Registered with the Registrar of Newspapers for India under R.N.I 53640/91
Vol. XXVI No. 12, October 1-15, 2016
The second phase of rollout of the Chennai’s metro rail service happened recently, sans the fanfare that accompanied the first. The stretch just opened is from Little Mount to the Airport and, with this, commuters can make the 15 km journey from Koyambedu to the Airport is under half an hour. Well, almost. The fact that what ought to have been a single journey at present involves a changeover irks passengers. But they still agree that is a better option than any other.
The scheme as rolled out now involves passengers switching trains at Alandur for both directions – to Koyambedu and to the Airport.
This, if you are laden with baggage as you are bound to be in case you are bound for an airport or a bus station, makes things difficult. In addition, the fare – Rs 50 for a single journey – makes Chennai’s metro the most expensive in the country. If you add the issues of last mile connectivity to this, the city may have a problem rather than a solution on its hands.
The cost of the metro service is largely dictated by several commercial factors. The first of these pertain to the way the finances of the project have been structured. Madras Musings has already written in detail on how the present regime in the State has raised questions on the way the Centre’s interests have taken priority over those of Tamil Nadu in the execution of the Metro. The agreement makes land acquisition and payment of finance costs expensive, and these have an impact on the fares.
The next issue pertains to commercial exploitation of the real estate in the Metro stations. The State Government has pinned its hopes on this to bring down costs. However, the project has not made much headway on this, chiefly because retailers are wary of maintenance at the stations. The experience with the Mass Rapid Transport System (MRTS) has proven that their apprehensions may be well founded. In the latter scheme we have had vast barns of stations with the most abysmal maintenance that no normal commuter would like to linger in. With the MRTS too, it was originally planned that the stations would become retail hubs. Not one has succeeded. Internationally too, unlike railway termini, underground stations have had limited success as retail locations.
The issue of fares apart, a bigger problem appears to be that of connectivity. In an era where intermodal forms of transport are being planned everywhere, with bus, train, tram, underground and other services melding to bring about seamless travel systems, Chennai’s services are stuck in some dark age.

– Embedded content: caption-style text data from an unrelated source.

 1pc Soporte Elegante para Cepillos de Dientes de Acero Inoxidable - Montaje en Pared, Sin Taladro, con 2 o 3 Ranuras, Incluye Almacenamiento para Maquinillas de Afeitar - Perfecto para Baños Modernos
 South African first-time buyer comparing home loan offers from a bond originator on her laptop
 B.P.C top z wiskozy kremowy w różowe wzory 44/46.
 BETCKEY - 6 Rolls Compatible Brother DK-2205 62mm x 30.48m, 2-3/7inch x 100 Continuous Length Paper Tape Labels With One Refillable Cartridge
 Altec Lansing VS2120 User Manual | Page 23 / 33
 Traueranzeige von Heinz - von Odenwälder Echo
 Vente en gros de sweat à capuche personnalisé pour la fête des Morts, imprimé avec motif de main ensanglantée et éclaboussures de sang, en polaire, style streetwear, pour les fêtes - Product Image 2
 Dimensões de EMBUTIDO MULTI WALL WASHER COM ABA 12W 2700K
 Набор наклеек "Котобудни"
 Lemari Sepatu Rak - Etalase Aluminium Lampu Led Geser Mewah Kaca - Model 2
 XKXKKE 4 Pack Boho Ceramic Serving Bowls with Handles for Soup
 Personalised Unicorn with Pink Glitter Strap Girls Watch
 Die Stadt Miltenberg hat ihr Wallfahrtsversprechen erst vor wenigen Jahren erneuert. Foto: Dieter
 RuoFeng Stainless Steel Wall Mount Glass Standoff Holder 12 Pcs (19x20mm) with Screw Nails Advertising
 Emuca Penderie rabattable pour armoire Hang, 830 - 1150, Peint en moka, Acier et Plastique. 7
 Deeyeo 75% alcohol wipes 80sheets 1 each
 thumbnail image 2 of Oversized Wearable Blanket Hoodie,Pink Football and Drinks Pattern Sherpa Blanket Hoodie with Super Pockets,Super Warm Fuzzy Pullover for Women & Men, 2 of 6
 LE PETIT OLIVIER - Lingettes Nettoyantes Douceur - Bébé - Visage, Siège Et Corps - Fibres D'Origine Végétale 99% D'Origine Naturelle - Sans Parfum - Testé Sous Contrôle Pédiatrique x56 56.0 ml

We thus have a suburban train service that goes around the periphery, a bus service that handles much of the city, the MRTS that runs along the seacoast and now the Metro. It is interesting that none of these really connect with each other. There has been talk for quite a while now that the MRTS and the Metro will be merged together eventually but as to when that will happen nobody appears to know. Other forms of transport such as buses and taxis do not connect to the MRTS stations at all at present and from way the Metro lines are planned, it appears that the same problems will persist in the latter as well.
It is high time that transport is perceived as an integrated service by those in power. Projects such as the Metro are not put up merely to notch up as yet another political achievement but to mitigate the problem of traffic congestion. Unless that wisdom dawns we are unlike to find an answer.